On Sunday we traveled an extrodinary section of the canal. It goes 69 miles between locks. As we travel, I've been thinking about how extraordinarily flat that is.
On the highway we measure angle by percent grade. A 10% grade is considered a steep hill. How flat is the canal in percent? Well, there are no tides and little current, so the surface of the water is exactly flat (neglecting curvature of the earth.) The depth of the water we monitor on the depth sounder, I'm sure it varies no more than a foot along the length. Say two feet to be generous. Well, 69 miles is 364,320 feet. 2 feet of 364,320 is a 0.0005 % grade. That's really flat.
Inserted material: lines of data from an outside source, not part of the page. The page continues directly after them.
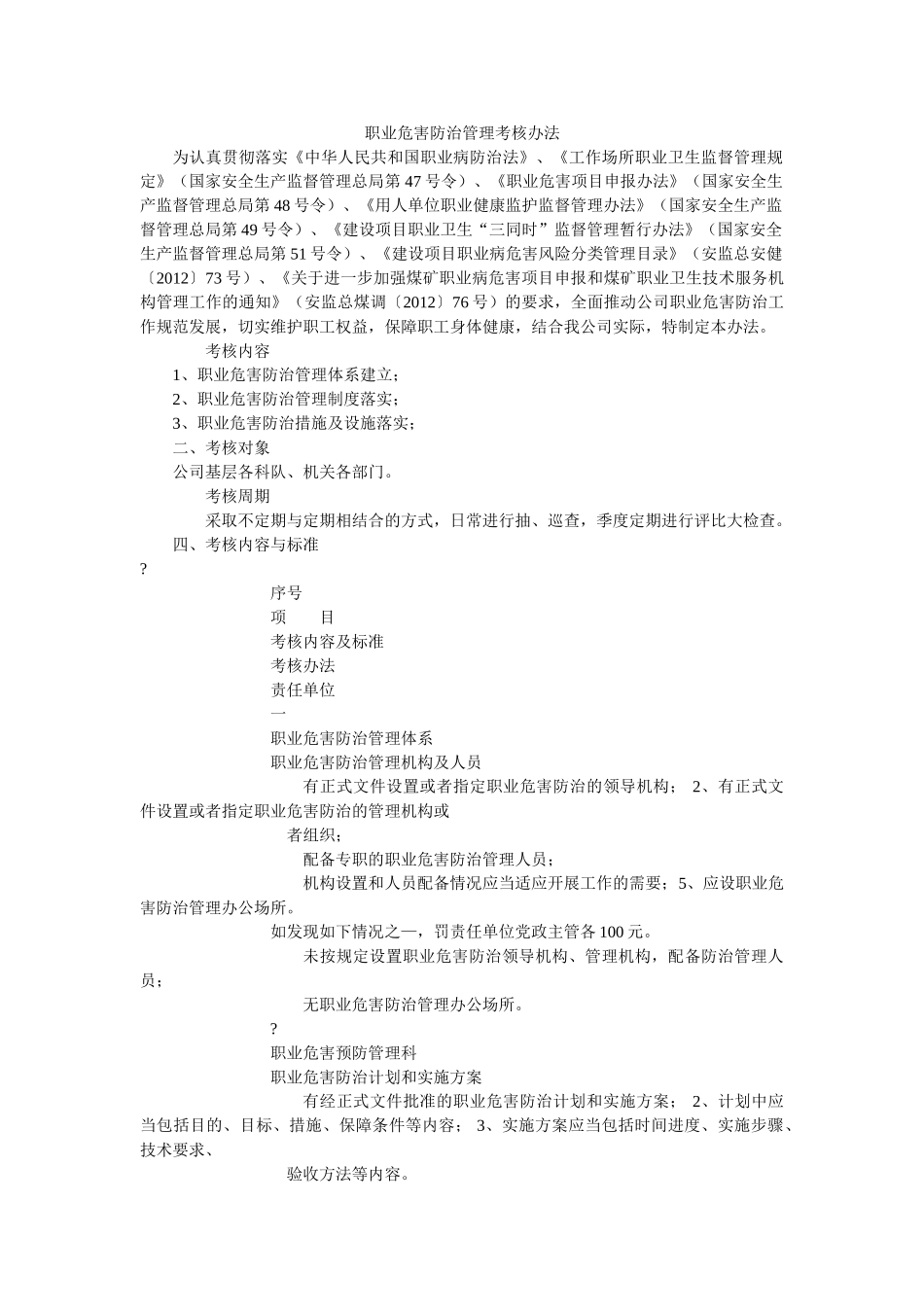职业危害防治管理考核办法 _第1页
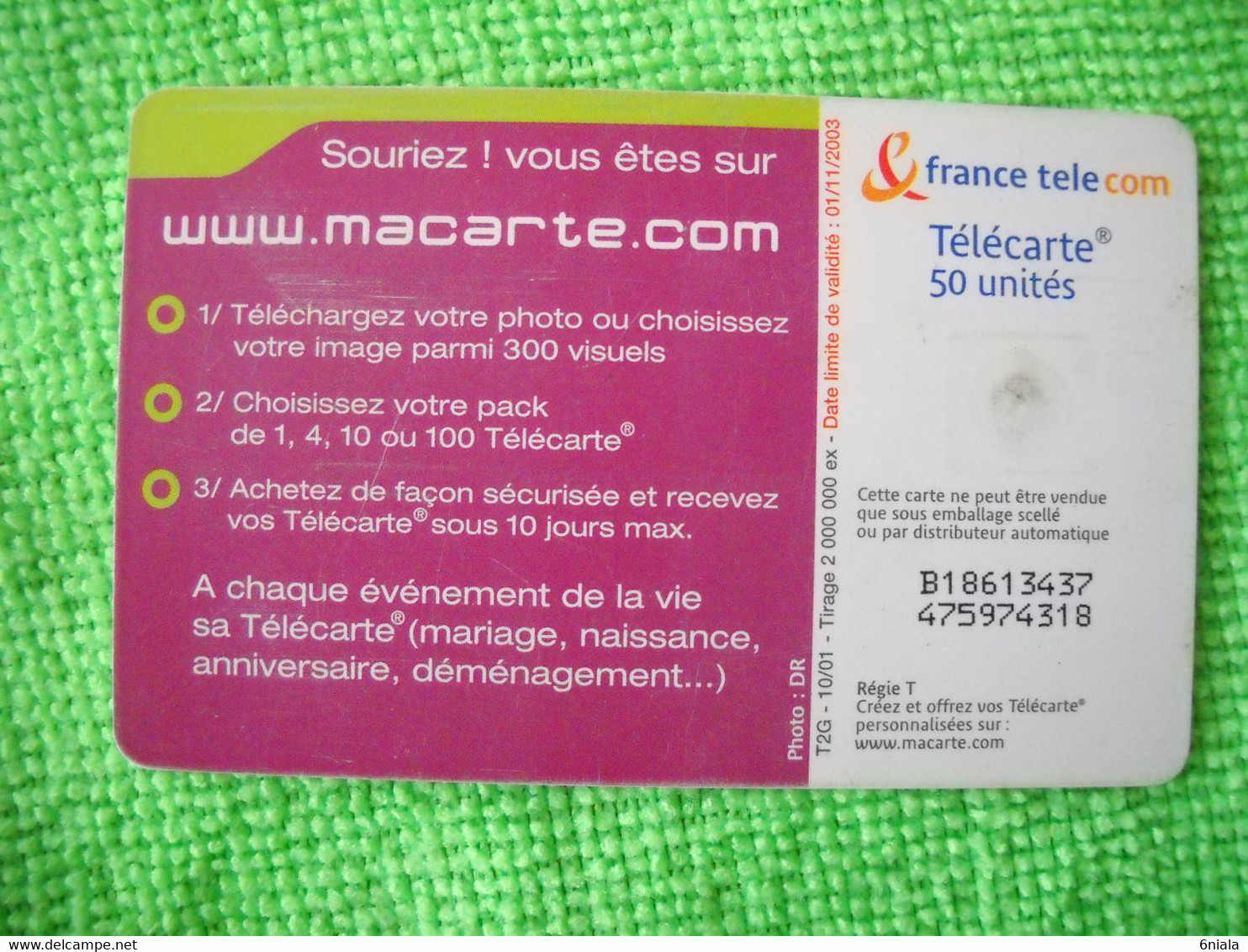 7262 Télécarte Collection MA CARTE . COM MARIAGE        ( Recto Verso)  Carte Téléphonique - 2001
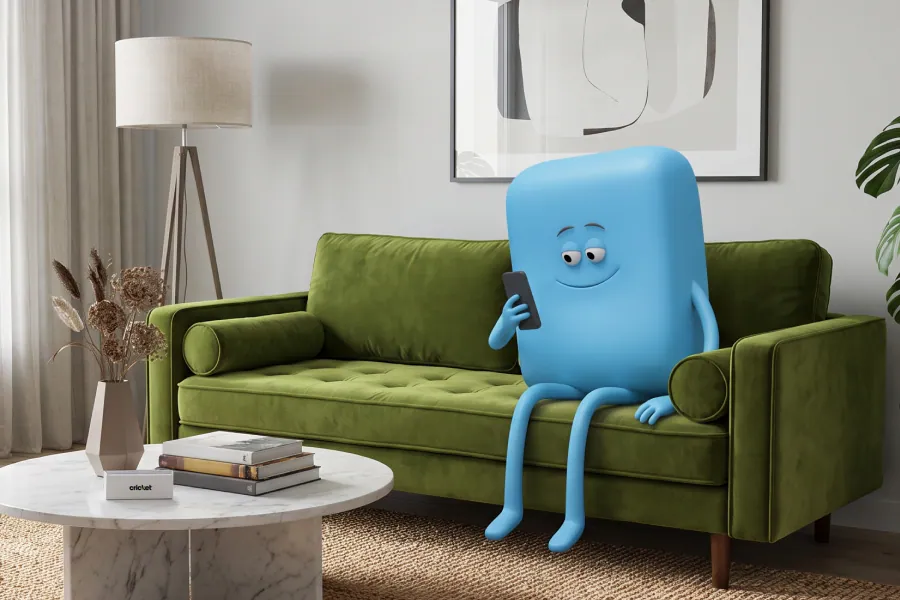 Cricket character at a laptop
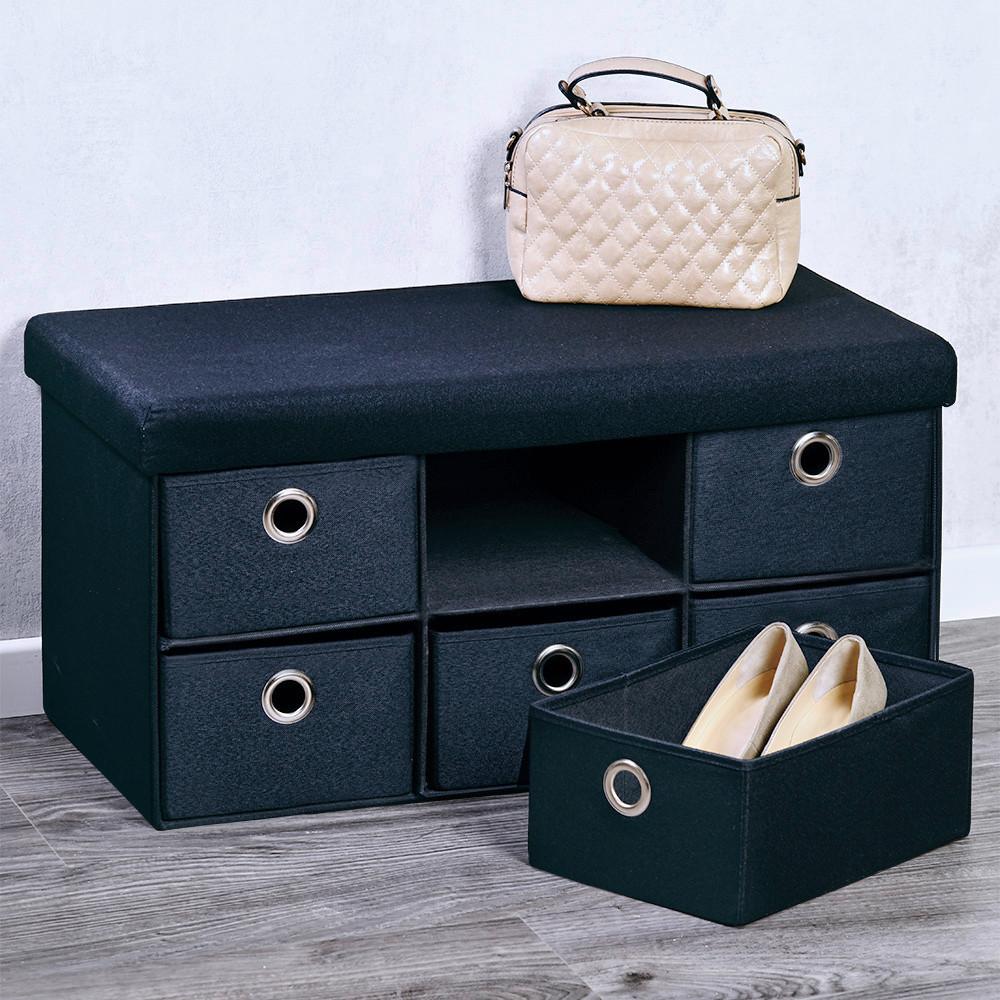 Garderobenbank Schwarz Mitaufbewahrungsboxen, B: 76 cm - Schwarz, Basics, Holzwerkstoff/Kunststoff (76/38/38cm) - Kesper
But the canal is man made. What about the surrounding terrain? We can observe that part of the time we are roughly level with the surroundings, sometimes below, and sometimes above. Indeed, there are many places where we look down on fields of crops, and a few places where we look down on the roofs of houses near the canal. I estimate that the surrounding terrain varies 30 feet above and below the elevation of the water. That means the average flatness of of the land is about 0.016 % grade. That's still amazingly flat. If we look locally rather than on average, there are slopes up to about a 3 % grade. Thus local/average variation is about 180/1. (I presume there is a civil engineering quantitative definition of flatness. I looked but I didn't find it. Perhaps some reader will provide it.)
Those numbers are impressive. Everything is naturally very flat around here. Does that mean making the canal was easy? Hardly. There are long stretches where the canal sits high above the surroundings. The embankments containing the canal are made of soil and rocks that had to be hauled in from many miles away. In several places the embankments are so high that the local highways go under the canal. It was a really massive engineering job. Think of the primitive tools and transportation they had for the original canal. It is instructive that the canal was improved and widened three times in it's history. That suggests that as the technology of earth moving increased gradually, the size of the canal kept increasing accordingly. That lasted until the railroads, and later the highways, captured the market for freight and the canal became obsolete for commercial use.
Today, we are treated like kings on the Erie Canal. I'm sure that NY Canal Corporation employees know that they owe their jobs to recreational boaters, so they treat us well. By contrast, the Saint Lawrence Seaway is for commercial traffic and we were treated shabbily when we traversed it. Fortunately for us boaters, the canal's budget falls under the NY Thruway Authority. It is financed by road tolls and not taxes. That makes it less threatened in this era of cut backs.
By the way, east of this flat stretch is a section of the canal 70 feet higher than the surrounding terrain. That makes for really big embankments. I wonder how insecure it feels to live in one of those houses at the base of the embankment. The Erie canal has a long and notorious history of blowouts and breaks. In one, a canal packet boat was carried several miles from the canal by the flood and found stuck 19 feet above the ground in a tree.
p.s. Not every city tickles our fancy. On the way west, we skipped Pittsford and Brockport. On the return trip we stopped at both of those places for lunch and to see if we might like to stay overnight. In both cases, it took us only 20 minutes to decide "No" and to move on. Pittsford had a Starbucks which David would like, but it also had a big Birkenstock banner hanging by the canal, that should have tipped me off. Today we're going to lunch in Palmyra, another place we skipped on the westward jaunt.
Okay, you have piqued my curiosity: Is it the fact of an advertising banner by the canal in Pittsford that should have been a sign; or was it that it was a Birkenstock banner specifically (I hate advertising banners in general, but for myself the Birkenstock part would not be an additional negative).